The source of relief that Cruz envisioned Segarra providing their children likely reflects a previous arrangement between the married couple that Antón would use his liberty to earn enough money to send funds to pay for their liberation from slavery.
Cruz spelled out this expectation in the final lines of her 1608 letter, when her anxiousness about Segarra’s silence became unbearable. In the closing lines of that epistle, Cruz beseeched Segarra to remember how much enslaved people desired liberty:
Dear brother of my soul, remember my predicament and how I am not in my house, even though it is true that these people raised me and treat me well.

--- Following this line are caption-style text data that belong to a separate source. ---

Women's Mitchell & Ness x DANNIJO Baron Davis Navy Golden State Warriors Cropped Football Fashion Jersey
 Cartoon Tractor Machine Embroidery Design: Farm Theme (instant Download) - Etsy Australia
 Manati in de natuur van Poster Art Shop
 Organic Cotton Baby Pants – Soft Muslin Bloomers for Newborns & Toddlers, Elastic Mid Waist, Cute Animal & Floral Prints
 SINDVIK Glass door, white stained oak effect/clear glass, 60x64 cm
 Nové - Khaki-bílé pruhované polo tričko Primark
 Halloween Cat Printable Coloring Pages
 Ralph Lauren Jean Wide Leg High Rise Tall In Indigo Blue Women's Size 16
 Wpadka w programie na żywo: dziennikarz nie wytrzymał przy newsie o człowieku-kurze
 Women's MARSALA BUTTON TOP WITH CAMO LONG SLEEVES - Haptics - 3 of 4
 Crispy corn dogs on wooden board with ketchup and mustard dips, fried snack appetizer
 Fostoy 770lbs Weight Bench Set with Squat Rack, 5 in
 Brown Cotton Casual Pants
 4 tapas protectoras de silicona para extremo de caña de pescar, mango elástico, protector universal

You already know my [enslaved] condition and that it does not spare anyone, and so for your life’s sake keep this ahead of anything else and see that your children are captive, and suffering grief and spite. You already know how much we desire freedom. Let me know about your health.
These lines reveal how Cruz envisioned Segarra’s Atlantic sojourns as a means of accumulating capital to purchase their freedom.
Cruz’s letters are emblematic of a host of collective and fractured memories in Sevilla of histories of liberation from slavery shared by neighbors and mutual aid practices between Black kin that sometimes spanned the Atlantic. Cruz’s reminder to her husband not to forget her desire for liberty likely reflected an informal contractual agreement between husband and wife that he would use his liberty to accumulate capital and purchase his kin’s freedom. Such an agreement reflects a broader practice between spouses of engaging in mutual aid to liberate their loved ones from enslavement.Footnote 136 Cruz may have been thinking of the experience of her neighbor, the aforementioned María de la O, who grew up enslaved in San Salvador parish and married a free man named Francisco Hernández in 1583. Hernández eventually purchased María de la O’s freedom in 1596 for sixty ducados en realles de plata,Footnote 137 and the couple subsequently traveled to Peru in 1600 as free people.Footnote 138
Cruz may also have known or heard about María Gómez, the beforementioned free Black woman who traveled to Sevilla from Cabo Verde in the early 1570s and who generated new freedom papers through witness testimonies in 1573 after losing her freedom papers on a ship.Footnote 139 Those testimonies also revealed that Gómez had traveled from Cabo Verde to Sevilla to liberate her sister from slavery in Sevilla.Footnote 140 Vasco Fernández, a mariner who testified about Gómez’s lost carta de alhorría in 1573, described how she had traveled from Cabo Verde to Sevilla to liberate (alhorrar) her sister in Sevilla. A second witness, Jorge Viegas, described that Gómez “is from Cabo Verde, where this witness is resident and natural and that she [María Gómez] is horra and free and came to this city with a freedom certificate (carta de alhorría) of her own and she came to Castilla to liberate her sister.”Footnote 141 In short, Gómez was a liberated Black woman who had embarked independently on a voyage from Cabo Verde to Sevilla armed with her own freedom certificate to liberate her sister who was languishing as an enslaved subject in the city of Sevilla.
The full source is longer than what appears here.